10 Agosto 2017
Os pinheiros rangem e chiam ominosamente, diante da brisa mais suave, como se esta imensa floresta entre o Lago Onega e a fronteira com a Finlândia se negasse a contar seus obscuros segredos.
A reportagem é de Alec Luhn, publicada por The Guardian e reproduzido por El Diario, 05-08-2017. A tradução é do Cepat.
A polícia secreta trouxe 6.241 prisioneiros do Gulag para esta floresta durante a época do terror de Josef Stalin, entre 1937 e 1938. Foram sepultados de bruços em buracos cavados na terra arenosa e receberam tiros na nuca com um revólver. Na medida em que os corpos foram se decompondo, a terra que cobria cada fossa comum foi se afundando.
Estas marcas na terra da floresta foram a pista que ajudou Yury Dmitriyev e outros membros da Sociedade Memorial, a organização de direitos humanos mais antiga da Rússia, a encontrar este lugar em Sandormokh, em 1997. É uma das maiores fossas comuns da antiga União Soviética.
Junto à Sociedade Memorial, este caçador de túmulos do Gulag, de 61 anos, oriundo de Petrozavodsk, se dedicou durante quase três décadas a retirar as vítimas da repressão soviética do “esquecimento promovido pelo Estado”, publicando vários livros com nomes, datas e localizações das execuções, a partir da descoberta.

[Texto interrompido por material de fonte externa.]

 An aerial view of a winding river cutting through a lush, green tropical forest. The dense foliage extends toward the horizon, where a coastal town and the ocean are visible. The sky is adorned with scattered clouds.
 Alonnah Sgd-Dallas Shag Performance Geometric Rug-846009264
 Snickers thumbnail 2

“Para que o Governo se responsabilize, primeiro temos que informar o povo”, afirmou Dmitriyev a respeito de seus esforços em revelar detalhes da repressão soviética.
No entanto, nem todos querem recordar esta parte esquecida da história, especialmente em meio ao atual fervor patriótico russo. O presidente Vladimir Putin disse, em junho, que “a excessiva demonização” de Stalin foi “uma forma de atacar a União Soviética e a Rússia”, e várias sedes da Sociedade Memorial foram declaradas “agentes estrangeiros”, nos últimos anos.

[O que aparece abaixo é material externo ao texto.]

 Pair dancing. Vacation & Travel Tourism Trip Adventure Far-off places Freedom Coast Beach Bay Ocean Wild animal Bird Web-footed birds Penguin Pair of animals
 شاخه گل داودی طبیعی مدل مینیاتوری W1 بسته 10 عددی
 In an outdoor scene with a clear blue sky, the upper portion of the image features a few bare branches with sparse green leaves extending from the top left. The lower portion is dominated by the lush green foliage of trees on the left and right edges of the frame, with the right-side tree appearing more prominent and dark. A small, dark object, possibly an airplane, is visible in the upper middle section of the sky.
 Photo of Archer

Dmitriyev foi preso em dezembro, acusado de bater fotografias indecentes de sua filha adotiva de 12 anos, algo que ele nega. Encontra-se preso enquanto durar o julgamento e enfrenta uma possível condenação de 15 anos de prisão.
Um especialista em transtornos sexuais afirmou que as fotografias não são pornográficas, e a Sociedade Memorial e outras organizações afirmam que Dmitriyev é um preso político, encarcerado por ter revelado uma parte da história russa que dificulta ao Kremlin a glorificação do passado soviético.
Dmitriyev também conta com o apoio de sua filha adulta, que disse que seu pai tirou as fotografias para documentar a melhora na saúde da criança, caso os serviços sociais quisessem retirar a guarda da família. A criança estava desnutrida quando Dmitriyev e sua esposa a adotaram, aos três anos. Segundo o advogado de Dmitriyev, as fotos estavam guardadas em uma pasta com o nome “a saúde da menina”. Em cada foto descrevia a altura, o peso e o estado de saúde geral da menina, e muitas foram batidas antes da visita de um assistente social.
Mais de 30.000 pessoas assinaram um pedido on-line reivindicando que se devolva ao caso “a legalidade e a justiça”. Enquanto isso, os meios de comunicação tornaram públicos informações que retratam Dmitriyev como um pedófilo e a Sociedade Memorial como um grupo de subversivos contra o Governo.
“Assim como na época do Terror Vermelho, quando as represálias políticas, os assassinatos e as execuções extrajudiciais eram comuns na vida soviética, hoje, também há perseguição, prisões, repressão policial em manifestações, fechamento de organizações independentes, e isso se tornou normal na Rússia”, declarou Irina Flige, diretora do Memorial São Petersburgo, que descobriu Sandormokh junto com Dmitriyev.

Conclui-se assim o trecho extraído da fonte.